Canada should follow the example set by Israel and adopt a 'wait-and-see' approach toward TPMs, in order to avoid entrenching a potentially inappropriate regulatory regime for technologies with an uncertain economic and cultural future, or a middle-ground model with circumvention prohibitions tied to infringement should be adopted. Intermediaries should be required to assist in online copyright enforcement under a 'notice-and-notice' system that requires them to inform customers of alleged infringements, and policy-makers shoudl closely follow and participate in discussions about self-regulation. Canada's statutory system for fair dealing should be amended to take account of technological, cultural and commercial realities and to create new opportunities for economic growth and innovation, while stakeholders simultaneously work together to design best practices online.
The entire deBeer paper is worth reading, but these conclusions are particularly noteworthy given that the Conference Board ignored them and instead adopted the conflicting recommendations supported by IIPA and the copyright lobby groups that funded their study. Indeed, they made no reference to the deBeer study in their report, a curious decision given that the Conference Board claims to be "independent, objective, and non-partisan."
Goal!
Canadians: 1
Evil: 0
The questions are:
1) Was the report biased due to the desirer to please the corporate interests that partially funded the study.
2) Was the report biased due to pressure from goverment sources who partially funded the report (cause those goverment bastards are NEVER influenced by corporate interests)
( Does the govement fund the board in general?)
3) Was the report biased due to personal reasons. Do the authors directly or indirectly profit some how?
All three boil down to $$ in one form or another
pop goes the brain cell
This is getting mind blowing.
Is there a type of corruption* and collusion* going on here at tax payer expense?
(*or to use a CRTC term, “market Forces”) 😛
There’s a strange disturbance in the force…
… or is it “serendipity” that this study comes out from under protection today?
The gods are smiling.
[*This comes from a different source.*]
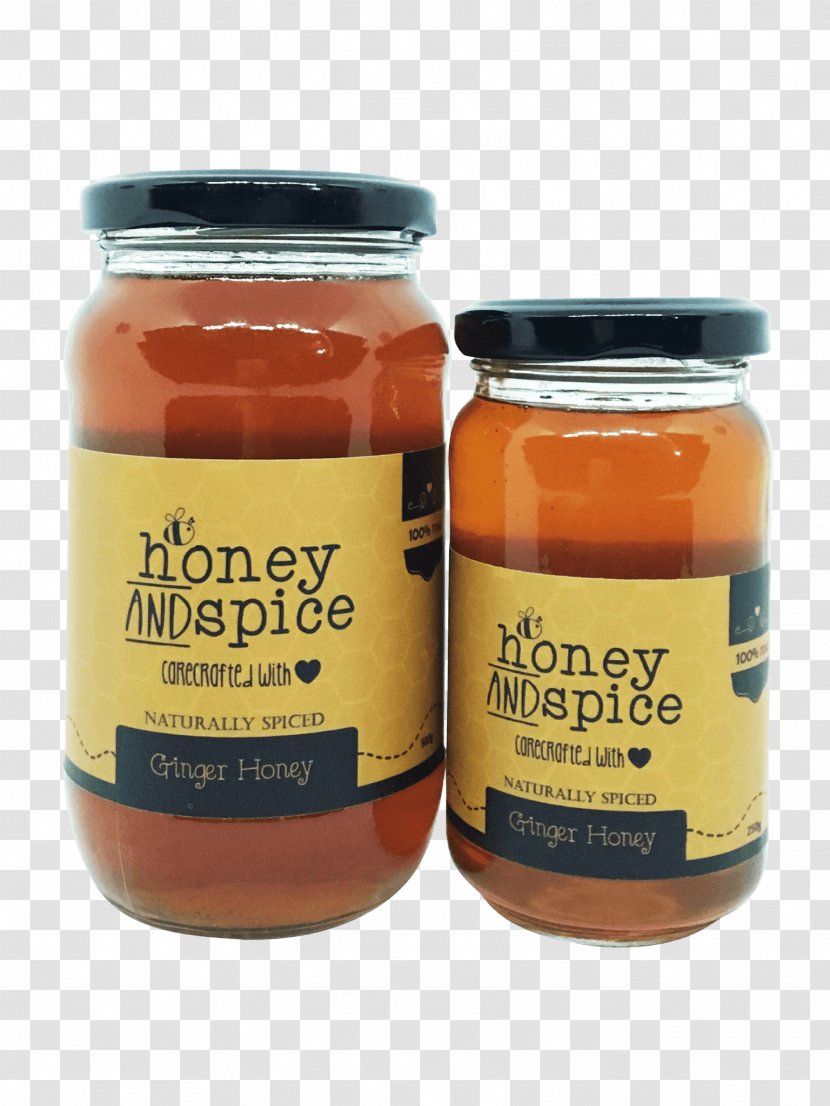 Honey Chutney Mustard Ginger Jam - Sauces Transparent PNG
Some of them are pointing and laughing!
Interesting I was just reading Sanford Borins blog entry, dated May 8th entitled: Conflicting Narratives: Mulroney and Turner on Free Trade
In it he talks of how John Turner “accused Mulroney of reversing a century of public policy with one signature of a pen, with the likely result that Canada would become an economic and political colony of the US.”
And here we are a colony of the US, with our politicians trying to do what their American masters tell them.
“e” is raising the free trade thing as though the patent issue has any relation to NAFTA. It doesn’t. That is why it has never been brought up under NAFTA in the last 20 years.
TJeffersonFTW
I’m still a little confused, who do I write to to complain to about this? This sort of corruption really bothers me, it is the thin end of the wedge that removes the public from government and it’s seriousness cannot be underestimated.
My MPP?
It’s too obvious what’s going on here
This is all just posturing. Someone in the current government convinced the CBoC to produce a report that agrees with the US stance on copyright to pave the way for a re-introduction of Bill C-61 or its derivative. Michael, keep up the great work and help Canadians see clearly when the new law is introduced. As consumers we need to be ready to do a little posturing ourselves, armed with facts.